Daytona International Speedway takes in evacuees Brett Borden DAYTONA BEACH, Fla. (July 3, 1998) A day after the news came that the NASCAR Winston Cup Series Pepsi 400 would be postponed until October 17 due to wildfires in surrounding...
Daytona International Speedway takes in evacuees Brett Borden
DAYTONA BEACH, Fla. (July 3, 1998) A day after the news came that the NASCAR Winston Cup Series Pepsi 400 would be postponed until October 17 due to wildfires in surrounding areas, the race's television situation with CBS was as yet to be determined, while Daytona International Speedway intensified its efforts to help the surrounding community.
With the Pepsi 400's new date going up against the start of baseball's World Series and some high profile college football games, it was not known if CBS would still make history this year by broadcasting the first prime time network television NASCAR Winston Cup series race.
Meanwhile, in an effort to provide relief for the families evacuated from their Central Florida homes because of the recent brushfires, International Speedway Corporation and its employees pitched in by setting up shelter and food for the displaced residents. Early Friday, all of Flagler County (north of Daytona and Volusia County) was ordered to evacuate.
"We realize these people are evacuated and in a position of extreme discomfort," said John Graham, President of Daytona International Speedway. "We are providing all of the comforts of home that we can."
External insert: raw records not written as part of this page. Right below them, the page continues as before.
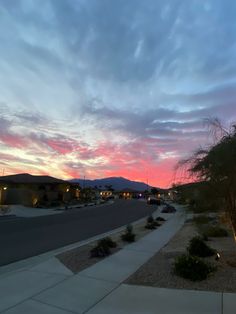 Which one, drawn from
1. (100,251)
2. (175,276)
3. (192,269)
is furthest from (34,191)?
(192,269)

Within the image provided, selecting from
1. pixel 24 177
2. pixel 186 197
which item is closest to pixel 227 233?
pixel 186 197

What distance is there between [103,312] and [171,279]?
8.45 feet

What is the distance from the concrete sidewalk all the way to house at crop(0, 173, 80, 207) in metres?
46.4

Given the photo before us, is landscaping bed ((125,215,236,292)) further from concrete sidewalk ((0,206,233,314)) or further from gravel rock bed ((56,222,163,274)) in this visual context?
gravel rock bed ((56,222,163,274))

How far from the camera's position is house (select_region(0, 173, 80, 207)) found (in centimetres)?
5581

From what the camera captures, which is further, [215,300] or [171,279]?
[171,279]

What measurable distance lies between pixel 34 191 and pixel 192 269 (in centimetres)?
5538

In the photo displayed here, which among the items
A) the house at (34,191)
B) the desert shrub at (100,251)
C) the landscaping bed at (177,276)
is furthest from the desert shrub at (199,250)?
the house at (34,191)

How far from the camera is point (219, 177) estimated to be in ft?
33.2

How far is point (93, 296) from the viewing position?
7.52m

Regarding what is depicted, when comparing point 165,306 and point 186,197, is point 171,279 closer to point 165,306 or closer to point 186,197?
point 165,306

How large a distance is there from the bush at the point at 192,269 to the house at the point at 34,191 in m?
47.1

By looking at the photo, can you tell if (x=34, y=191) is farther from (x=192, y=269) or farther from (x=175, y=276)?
(x=192, y=269)

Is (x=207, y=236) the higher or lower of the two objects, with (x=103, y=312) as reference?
higher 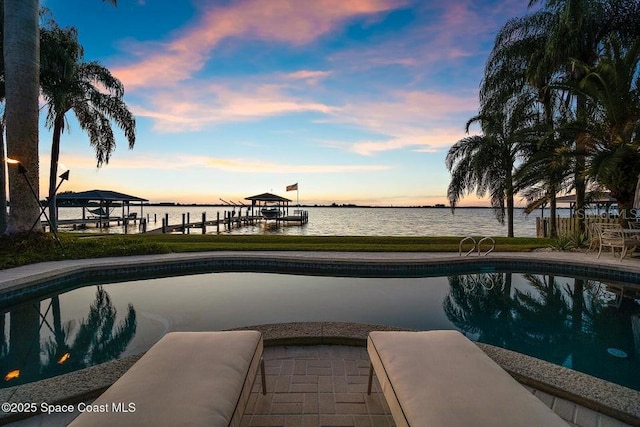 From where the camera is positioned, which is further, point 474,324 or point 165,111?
point 165,111

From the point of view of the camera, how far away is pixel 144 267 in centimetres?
775

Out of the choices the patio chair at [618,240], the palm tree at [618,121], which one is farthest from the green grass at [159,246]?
the palm tree at [618,121]

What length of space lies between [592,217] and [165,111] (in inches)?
604

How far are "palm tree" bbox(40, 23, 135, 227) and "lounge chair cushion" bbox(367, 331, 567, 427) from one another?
37.1ft

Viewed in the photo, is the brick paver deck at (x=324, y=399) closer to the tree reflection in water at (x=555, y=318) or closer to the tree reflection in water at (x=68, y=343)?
Answer: the tree reflection in water at (x=555, y=318)

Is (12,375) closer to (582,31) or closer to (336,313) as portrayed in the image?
(336,313)

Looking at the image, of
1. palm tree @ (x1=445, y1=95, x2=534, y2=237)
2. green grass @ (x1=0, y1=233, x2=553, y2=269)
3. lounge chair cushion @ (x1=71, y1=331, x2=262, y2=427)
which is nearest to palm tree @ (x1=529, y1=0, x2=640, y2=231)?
palm tree @ (x1=445, y1=95, x2=534, y2=237)

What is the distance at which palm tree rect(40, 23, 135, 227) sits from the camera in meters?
10.5

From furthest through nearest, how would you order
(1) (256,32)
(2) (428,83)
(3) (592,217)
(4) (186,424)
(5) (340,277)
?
1. (2) (428,83)
2. (3) (592,217)
3. (1) (256,32)
4. (5) (340,277)
5. (4) (186,424)

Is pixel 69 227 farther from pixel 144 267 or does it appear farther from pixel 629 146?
pixel 629 146

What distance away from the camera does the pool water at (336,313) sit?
395 centimetres

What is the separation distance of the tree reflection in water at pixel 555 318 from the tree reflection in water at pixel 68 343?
181 inches

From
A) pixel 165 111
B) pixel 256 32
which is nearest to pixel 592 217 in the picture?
pixel 256 32

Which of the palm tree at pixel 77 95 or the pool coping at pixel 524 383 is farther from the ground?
the palm tree at pixel 77 95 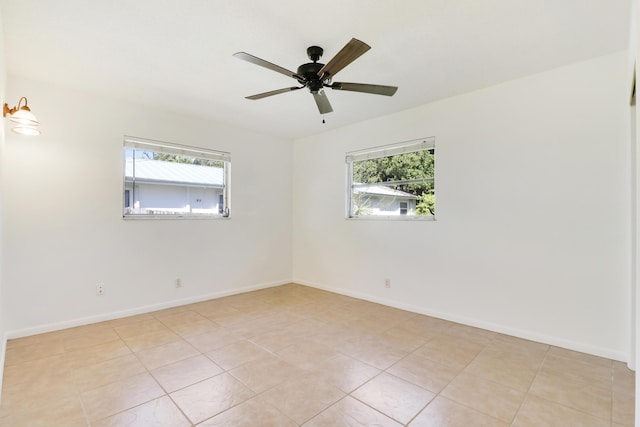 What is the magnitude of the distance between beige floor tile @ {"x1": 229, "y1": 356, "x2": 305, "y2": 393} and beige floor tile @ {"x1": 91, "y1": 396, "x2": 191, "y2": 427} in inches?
18.3

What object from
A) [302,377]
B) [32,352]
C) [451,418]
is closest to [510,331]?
[451,418]

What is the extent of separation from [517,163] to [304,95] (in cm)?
223

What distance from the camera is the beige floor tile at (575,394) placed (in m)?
1.87

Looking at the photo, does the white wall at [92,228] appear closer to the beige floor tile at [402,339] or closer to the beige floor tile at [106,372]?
the beige floor tile at [106,372]

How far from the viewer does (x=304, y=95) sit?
130 inches

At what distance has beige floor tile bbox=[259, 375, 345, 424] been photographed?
1818 millimetres

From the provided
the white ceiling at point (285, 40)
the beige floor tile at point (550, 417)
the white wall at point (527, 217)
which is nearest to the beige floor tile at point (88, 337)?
the white ceiling at point (285, 40)

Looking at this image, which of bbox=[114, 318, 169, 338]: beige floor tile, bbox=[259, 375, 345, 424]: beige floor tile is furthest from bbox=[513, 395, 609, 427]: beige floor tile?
bbox=[114, 318, 169, 338]: beige floor tile

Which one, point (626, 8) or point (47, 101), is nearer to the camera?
point (626, 8)

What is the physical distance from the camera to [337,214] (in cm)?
A: 462

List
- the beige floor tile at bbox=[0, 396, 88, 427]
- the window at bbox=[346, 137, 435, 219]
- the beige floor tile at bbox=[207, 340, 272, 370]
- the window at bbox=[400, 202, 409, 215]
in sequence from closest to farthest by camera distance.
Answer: the beige floor tile at bbox=[0, 396, 88, 427]
the beige floor tile at bbox=[207, 340, 272, 370]
the window at bbox=[346, 137, 435, 219]
the window at bbox=[400, 202, 409, 215]

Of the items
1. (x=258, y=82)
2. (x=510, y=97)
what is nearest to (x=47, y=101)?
(x=258, y=82)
The speedway converted one of its larger buildings into a shelter with 250 beds, air conditioning, television sets, and plenty of food. There is also a hospitality tent set up for firefighters and national guardsmen with 145 cots, food and television.
"We're inviting any family that needs a place to stay," said Graham. "We'll have the shelter open for as long as people need it and we'll also be providing meals."
One of those needing a place to stay was Palm Coast resident Norbert Panet. Panet was one of many Flagler County residents ordered to evacuate on Friday as the brush fires moved closer to populated areas. He was headed to south Florida when he heard about the speedway shelter on the radio.
"We didn't want to leave," said Panet. "But the cops said 'you gotta go'. I think (the shelter) is the greatest idea I have heard of in my life. I expected this place to be fully loaded when I got here."
Evacuees were still trickling in by late Friday afternoon, while many of the firefighters were out trying to contain the many fires that were still going in Flagler, Volusia and Brevard counties.
Larry Wright of the Talladega Superspeedway Fire Department was one of many firefighters brought down by International Speedway Corporation along with water trucks to provide support as it sent its Daytona firefighters and trucks out to help on the battle lines. He said the Watkins Glen, Darlington, and Talladega departments were all glad they could help.
"The hospitality that's been shown is remarkable," he said. "Total strangers coming up to say 'Thank you' makes you feel good, but you wish you could do more. I think its nice that on such a family-oriented holiday as the 4th of July weekend that we could get 65-70 people down here to help.